■ **WHAT NEEDS TO BE DONE**
Skip the images. Copy the records exactly as written.

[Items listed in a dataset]
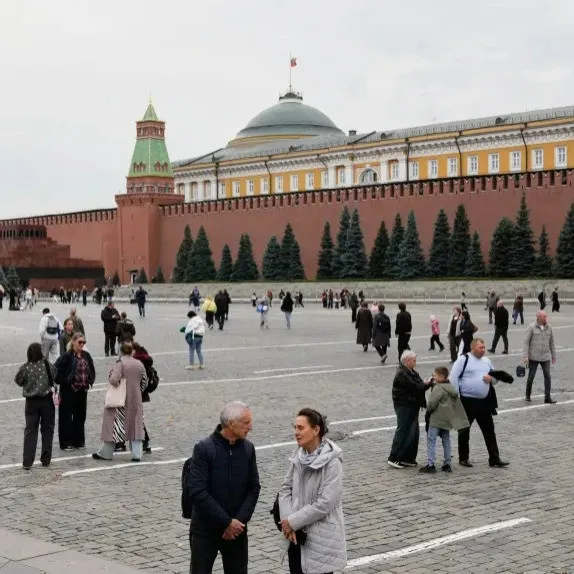 Recipročne mere Moskve prema Podgorici: Od 1. novembra vize za državljane Crne Gore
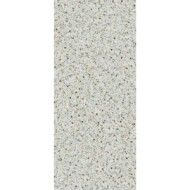 ART WALLS GLASS LUX 120X280 REKTIFIZIERT - FLAVIKER PF60010570 FLAVIKER - 1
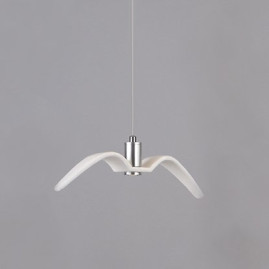 Подвесной светильник Loft-Concept Brokis Night Birds 40.2189-0 20392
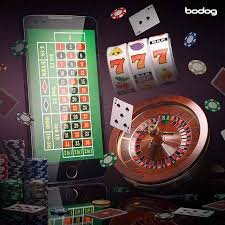 jinslot login featured game showcase jinslot login featured game showcase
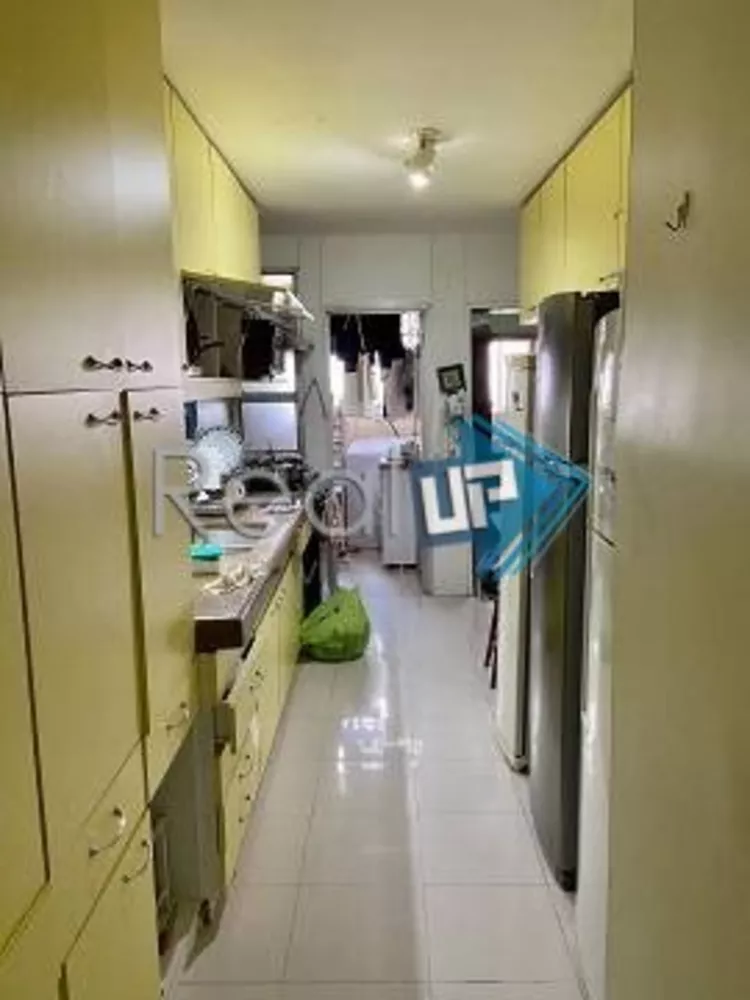 Apartamento, 4 quartos, 316 m² - Foto 16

■ **TASK ANSWER**
 Recipročne mere Moskve prema Podgorici: Od 1. novembra vize za državljane Crne Gore
 ART WALLS GLASS LUX 120X280 REKTIFIZIERT - FLAVIKER PF60010570 FLAVIKER - 1
 Подвесной светильник Loft-Concept Brokis Night Birds 40.2189-0 20392
 jinslot login featured game showcase jinslot login featured game showcase
 Apartamento, 4 quartos, 316 m² - Foto 16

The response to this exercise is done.